The corporation shall keep correct and complete books and records of accounts, shall keep minutes of the proceedings of its Board and of any committees appointed by the Board, and shall keep at its registered or principal office a record giving the names and addresses of the members entitled to vote. All books and unconfidential records of the corporation may be inspected by any director or his/her agent or attorney for any purpose at any reasonable time.

ARTICLE XII.

Fiscal Year

The fiscal year of the corporation shall begin on the first day of January and end on the last day of December in each year.
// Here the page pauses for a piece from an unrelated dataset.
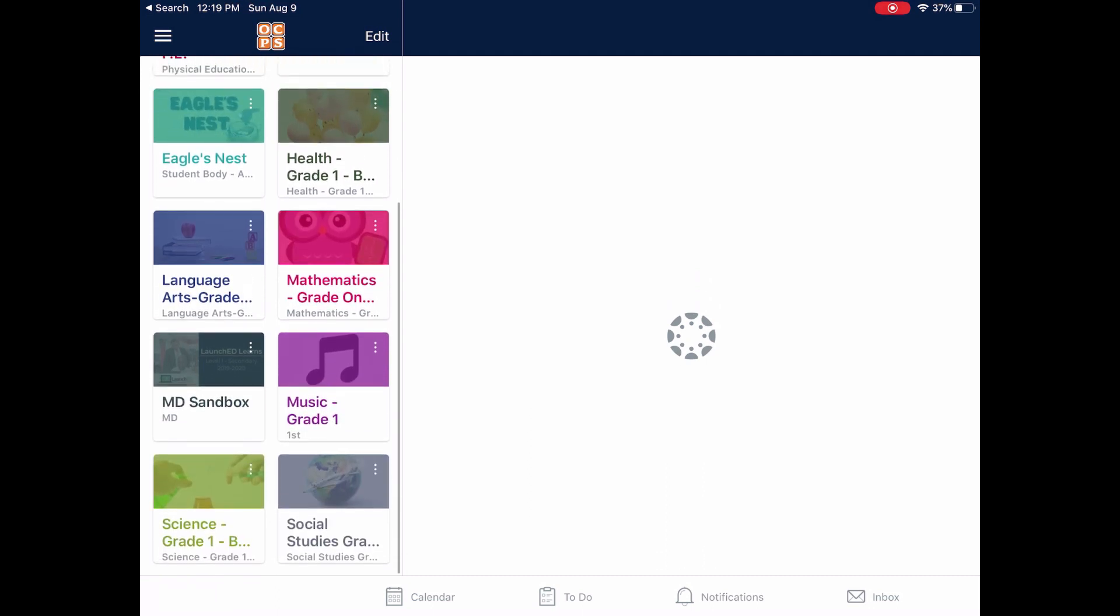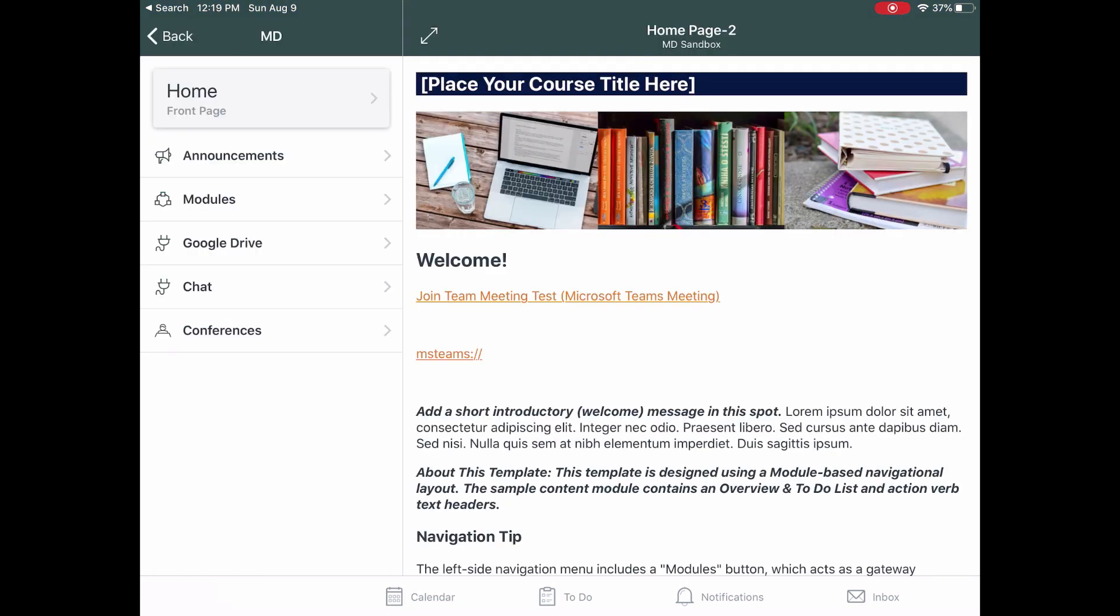Scroll down to the course that you would like to open. Once you found the course, if the teacher has added the Teams link to a page, you can click on the link on the page.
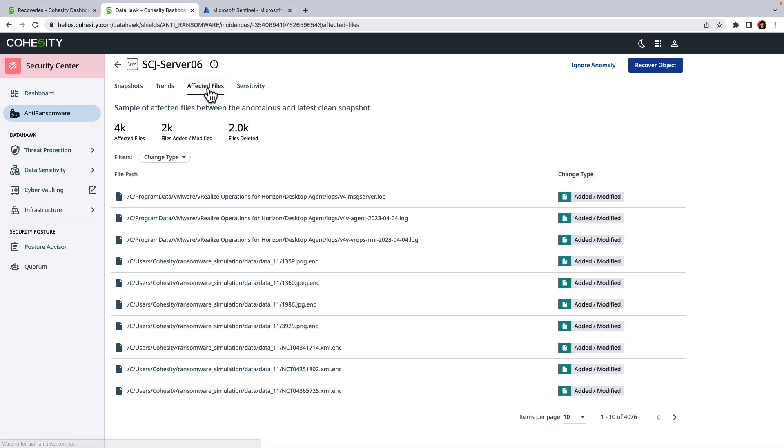To learn more, I can click on the affected files tab and drill down to the files that were added or modified.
ARTICLE XIII.

Amendment to the Bylaws

These bylaws may be altered, amended, or repealed; and new bylaws may be adopted at either a regular meeting or a special meeting by a majority of the directors present at a meeting at which a regular quorum is present if at least one week’s notice is given of an intention to alter, amend, repeal these bylaws or to adopt new bylaws at such meeting. Adoption may also occur by electronic vote of the majority of the Board. ARTICLE XIV.

Dissolution

Upon dissolution of the corporation or the winding up of its affairs, the assets of the corporation shall be distributed exclusively to charitable, scientific, or educational organizations which would then qualify under the provisions of Section 501(c)(3) of the Internal Revenue Code and its Regulations as they now exist or as they may hereafter be amended.

Amended May 13, 2009, June 8, 2011, April 11, 2012, January 12, 2016, August 5, 2017.